AugLift: Uncertainty Aware Depth Descriptors for Robust 2D to 3D Pose Lifting
Nikolai Warner, Wenjin Zhang, Hamid Badiozamani, Irfan Essa, Apaar Sadhwani
TL;DR
Monocular 3D human pose lifting suffers from poor generalization when 2D detections are noisy. The authors introduce AugLift, a lightweight, modular augmentation that attaches an Uncertainty-Aware Depth Descriptor (UADD) to each 2D keypoint, computed from a monocular depth map and detector confidence, expanding inputs without altering lifter architectures. Across four datasets and four lifting backbones, AugLift yields substantial out-of-distribution gains (average ~10.1% MPJPE reduction) and notable in-distribution improvements (~4.0%), with the largest benefits on occluded and novel poses. AugLift is complementary to dense image features, and a learned-depth variant (AugLiftV2) offers additional gains at the cost of interpretability, suggesting depth cues as a robust plug-in for robust 2D-to-3D pose lifting.
Abstract
Lifting based 3D human pose estimators infer 3D joints from 2D keypoints, but often struggle to generalize to real world settings with noisy 2D detections. We revisit the input to lifting and propose AugLift, a simple augmentation of standard lifting that enriches each 2D keypoint (x, y) with an Uncertainty Aware Depth Descriptor (UADD). We run a single off the shelf monocular depth estimator to obtain a depth map, and for every keypoint with detector confidence c we extract depth statistics from its confidence scaled neighborhood, forming a compact, interpretable UADD (c, d, d_min, d_max) that captures both local geometry and reliability. AugLift is modular, requires no new sensors or architectural changes, and integrates by expanding the input layer of existing lifting models. Across four datasets and four lifting architectures, AugLift boosts cross dataset (out of distribution) performance on unseen data by an average of 10.1 percent, while also improving in distribution performance by 4.0 percent as measured by MPJPE. A post hoc analysis clarifies when and why it helps: gains are largest on novel poses and significantly occluded joints, where depth statistics resolve front back ambiguities while confidence calibrates the spatial neighborhoods from which they are drawn.

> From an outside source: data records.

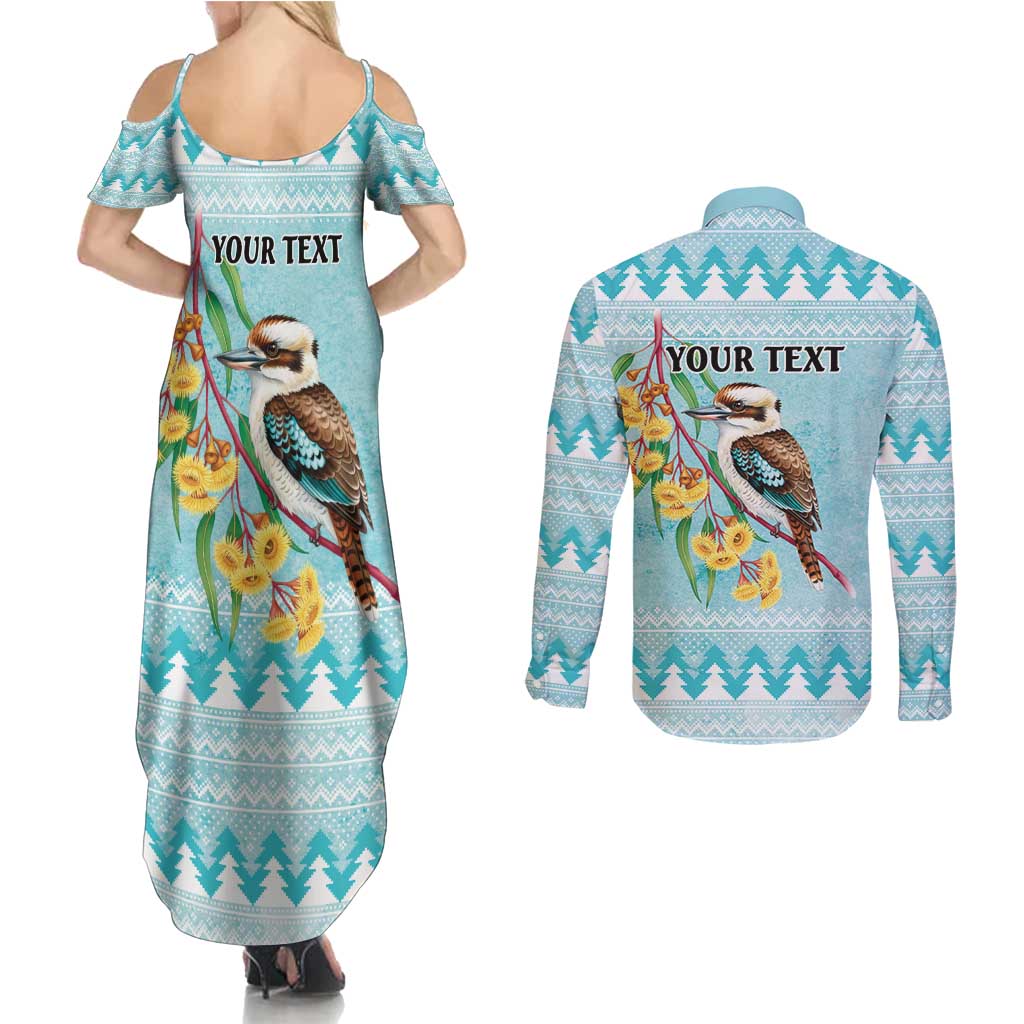 Australia Kookaburra and Eucalyptus Couples Matching Summer Maxi Dress and Long Sleeve Button Shirt Christmas Vibe - Aussie Hoodie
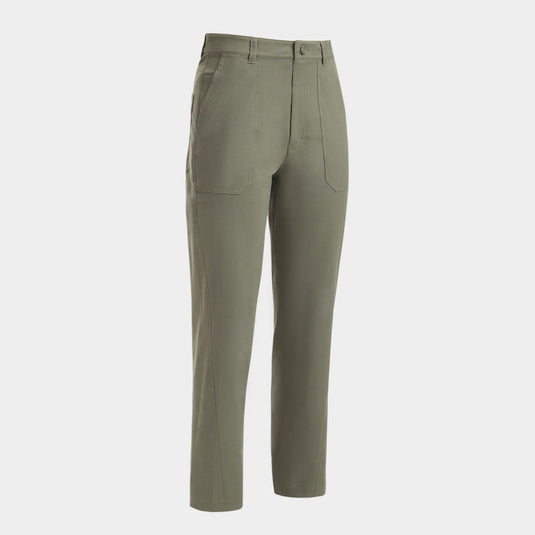 G/Fore Italian Cotton Twill High Raise Straight Womens Tapered Pants - Isle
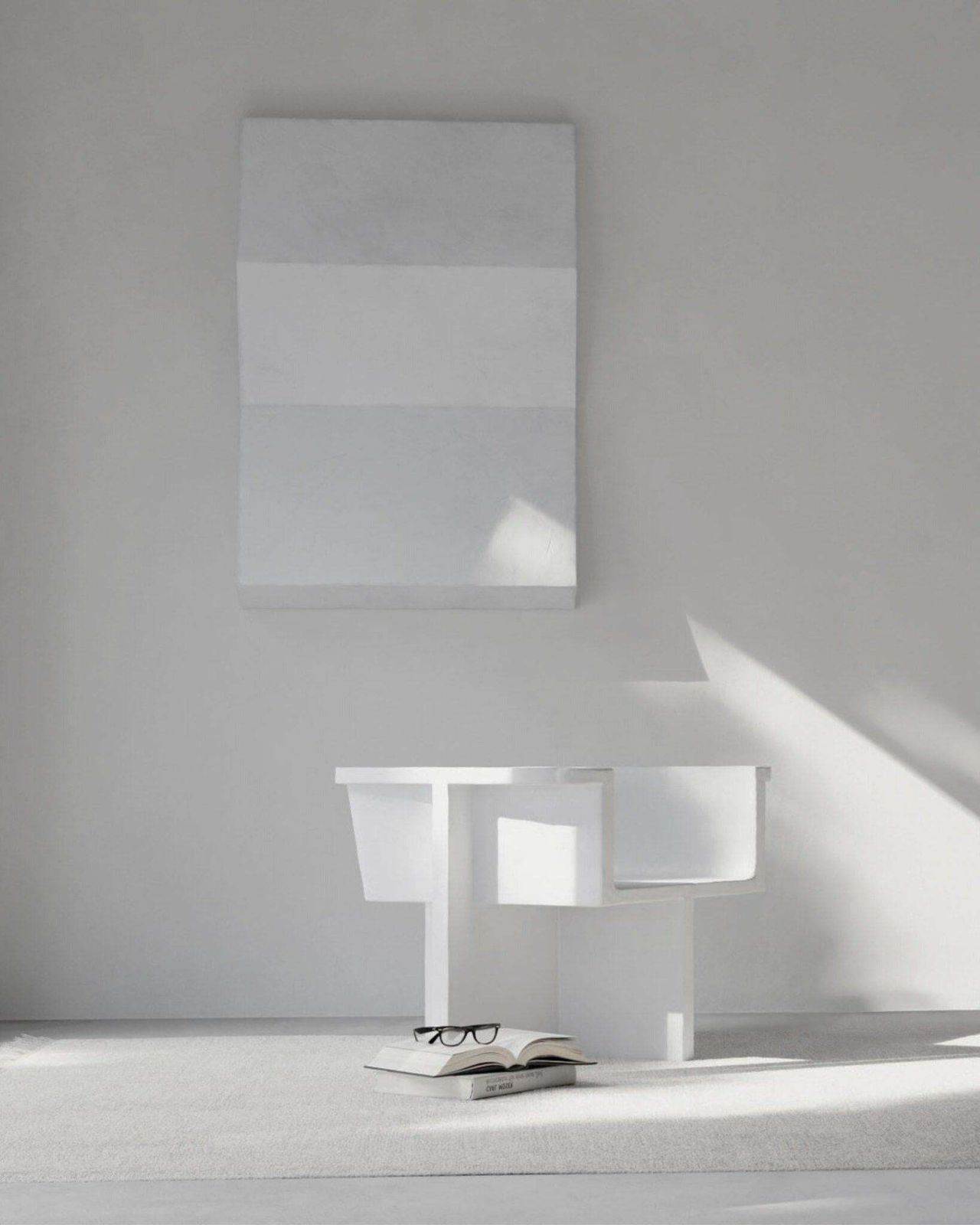Pair Of Brutus Style Armchairs, Contemporary, Bone White, Fiber Concrete. photo vinterior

We also study interaction with recent image feature lifting methods and find the signals are complementary: adding UADD to image conditioned lifting yields both ID and OOD gains. A learned depth feature extension (AugLiftV2) improves performance further while trading off interpretability. Together, these results indicate that lightweight, confidence aware depth cues are a powerful plug in for robust 2D to 3D pose lifting.